I can’t tell if I’m feeling tired at the moment or just fed up. My mood feels a bit blah. Thoughts drifting towards self harming again a lot at the moment. Sometimes it feels like the days are going by too quickly, like I wake up and think ‘fuck, another day to get through’ but again, that might be due to the fact I’m only sleeping 3 or 4 hours a night. I wish I could go to bed right now – 10pm and sleep right through to 8am – that would be heaven. And it’s so frustrating when you just can’t seem to get your body to switch off and rest. My thoughts aren’t particularly fast though, they don’t seem speeded up in any way, if anything they seem slower than usual. Like every day is just one big drawn out frustrated grumpy thought that occasionally dips down into ‘horrible thought’ category then back to just being fed up and miserable again. It’s not like there aren’t things I could be doing – there’s plenty of things I could be doing to pass the time a little more productively. But I just sit here glued to the sofa or lying on my bed staring into space and thinking all the ‘what’s the point’ type thoughts but they are going in slow motion. Stuck like a broken record. The only breaks come when I think the dogs would probably like to go for a walk and even then it’s the same slowed down murky depressed thoughts in my head just with some fresh air around my face.

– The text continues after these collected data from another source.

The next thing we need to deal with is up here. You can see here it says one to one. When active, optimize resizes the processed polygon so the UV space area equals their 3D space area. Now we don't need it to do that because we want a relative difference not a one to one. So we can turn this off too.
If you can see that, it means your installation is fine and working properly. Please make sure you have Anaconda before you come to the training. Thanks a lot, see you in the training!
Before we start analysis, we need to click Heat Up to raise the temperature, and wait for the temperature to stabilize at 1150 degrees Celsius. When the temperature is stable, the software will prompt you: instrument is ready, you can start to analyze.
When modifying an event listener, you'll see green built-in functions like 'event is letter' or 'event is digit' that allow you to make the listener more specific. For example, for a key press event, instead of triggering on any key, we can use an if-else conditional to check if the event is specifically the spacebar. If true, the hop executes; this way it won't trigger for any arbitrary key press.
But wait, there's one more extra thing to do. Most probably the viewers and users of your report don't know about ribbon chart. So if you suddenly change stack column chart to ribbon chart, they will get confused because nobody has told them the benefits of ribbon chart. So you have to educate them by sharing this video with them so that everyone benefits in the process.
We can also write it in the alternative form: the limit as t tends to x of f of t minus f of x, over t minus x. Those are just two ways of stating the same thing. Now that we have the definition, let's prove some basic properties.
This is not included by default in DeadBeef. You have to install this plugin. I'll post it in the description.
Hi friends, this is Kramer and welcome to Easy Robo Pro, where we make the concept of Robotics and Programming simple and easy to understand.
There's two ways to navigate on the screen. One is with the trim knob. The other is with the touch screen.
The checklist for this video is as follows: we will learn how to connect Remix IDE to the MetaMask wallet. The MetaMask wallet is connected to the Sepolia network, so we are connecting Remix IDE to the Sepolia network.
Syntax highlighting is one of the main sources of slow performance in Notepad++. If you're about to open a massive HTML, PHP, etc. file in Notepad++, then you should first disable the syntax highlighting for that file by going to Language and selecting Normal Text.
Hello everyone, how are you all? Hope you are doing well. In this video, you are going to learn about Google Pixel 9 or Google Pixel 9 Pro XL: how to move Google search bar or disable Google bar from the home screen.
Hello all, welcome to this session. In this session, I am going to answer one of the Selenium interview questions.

So I guess I’ll see what happens tomorrow and report back with what happens with lovely GP. Maybe I’ll just do the
cowardly easier option and hand the repeat prescription request into reception and hope that she doesn’t cut the Diazepam dose down yet. But I would prefer to go and see her and talk in person, she’s one of the very few professionals that I can actually talk to quite easily yet for some reason every time I’m sitting in that waiting room waiting to be called through I start to panic like mad. Ah, you just can’t win sometimes.
OK I’m going to see if there’s any chance of getting an early nights sleep. Please let things go OK with lovely GP if I see her, I can’t be doing with both my psychiatrist and GP both disagreeing with my concerns over the whole Diazepam withdrawal, I need to feel like someone other than my support worker is on my side and right now it’s looking likely that CPN#2 is probably going to take the view of new psychiatrist. I kinda expected that anyway seeing as she actually has to see him and spend time with him when he comes here each week to do his clinics, obviously they’ll all want a nice little happy working relationship and if that means keeping your mouth closed for an easier life then that’s what they tend to do. That’s one thing I miss the most about the social worker I used to work with, she was actually one who would open her mouth and disagree regardless of what others were saying. She had balls. I miss having someone with balls in my care team. Then, on saying that, lovely GP is usually very fair so maybe she will actually agree with the concerns I have written down.
Right, 10.20pm, time for medication. Time to sit around and go back and forth from the bedroom until I finally pass out for a few hours… then just as I’m enjoying it my phone will start bleeping loudly in my ear and it all starts all over again.